One of his most poetic and impactful sculpture was the “auto-destructive machine” a huge machine built only to destroy itself in the process. Tinguely explains this piece in just one sentence “(this machine) it had to be very beautiful, because we had to regret it once it was gone”  

Jean Tinguely, La Tour, 1960

Jean Tinguely, La Tour, 1960

Takis, Magnetic fields, 1970

Takis, Magnetic fields, 1970

Greek artist Takis, was fascinated by magnetism, and was able to create a certain magic using materials such as metal. In his piece Magnetic fields, Takis transforms this expression into a literal visual metaphore. Little flower magnets are crossed by a bigger magnet and this creates this elecrtomagnetism and makes the flower move, exactly like a flower would dance in a field when being carressed by the wind.  

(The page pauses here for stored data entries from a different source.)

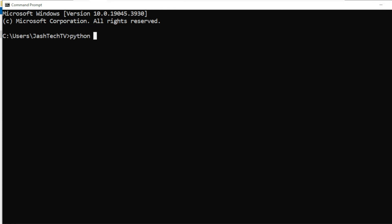Now type python --version and press Enter. And my friends, we have successfully fixed Python not found error on Windows 10.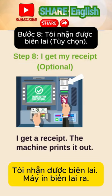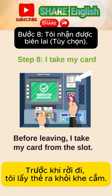I get a receipt. The machine prints it out. Before leaving, I take my card from the slot.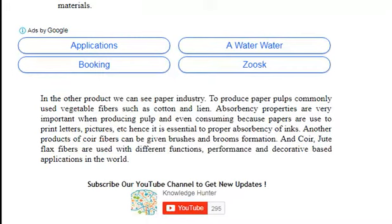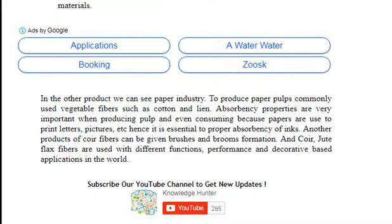In other products, we can see the paper industry. To produce paper pulps, commonly used vegetable fibers such as cotton and linen. Absorbency properties are very important when producing pulp, because papers are used to print letters, pictures, etc. Hence, it is essential to have proper absorbency of inks.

In this case, metal loses its heavy and hard quality to become as delicate and a fragile as an elegant flower.  

Make it stand out.

 
Louise Bourgeois, Maman, bronze, 1999

Louise Bourgeois, Maman, bronze, 1999

Imposing, gigantic, heavy, this spider is the symbol of motherhood. It holds paradoxes, and balances between protection and castration, caring and frightening, loving and menacing. When Bourgeois uses metal, she appropriates the imposing and heavy quality of this material and uses as an empowering element, one that weighs and takes space.  

 

“The spider-why the spider?; Because my best friend was my mother and she was thoughtful, intelligent, patient, soothing, reasonable, delicate, subtle, essential, clean, and useful like a spider . She also knew how to defend herself, and defend myself, by refusing to answer embarrassing and stupid personal questions. I will never be tired of representing it. I want to: eat, sleep, chat, hurt, destroy ... -Why? -My reasons are mine alone. " 

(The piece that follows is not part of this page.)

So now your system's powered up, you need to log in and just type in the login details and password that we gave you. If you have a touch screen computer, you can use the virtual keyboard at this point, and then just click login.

For me, it's a 'natural' gesture to rip bodies apart, cut them up … I always feel   that my identity as a woman and as an artist is divided, disintegrated, fragmented,   and never linear, always multifaceted … always pictures of parts of bodies,   fragments and closeups … I always perceive the body in fragments. - Annette Messager

Detail of The Pikes

Detail of The Pikes

Annette Messager’s use of metal is political. In her installation The Pikes these metal spikes are a direct reference to the principal weapon used to display the guillotined heads of the aristocracy during the popular uprising, known as the Reign of Terror, during the French Revolution. 

On the spikes, body parts, ragged dolls, ripped stuffed animals along with pictures of torture instruments and victims. This piece explore the dark face of humanity but also puts in parallel the potential cruelty of children's game (in the cutting and butchering of stuffed animals and dolls) and that of the contemporary history of the work’s creation (with the war images). A certain violence is present in what is shown (the fragmentation of the bodies, the images of war) as well as in the way of showing (the device of the spikes). 

Messager mixes in this work, childhood and barbarism in an almost morbid installation. The work challenges us by its theatrical, bizarre (and feminine) side, but it also triggers anxiety and dread. This discomfort is wanted by the artist, who like many artists before, talks about our relationship with the body and death.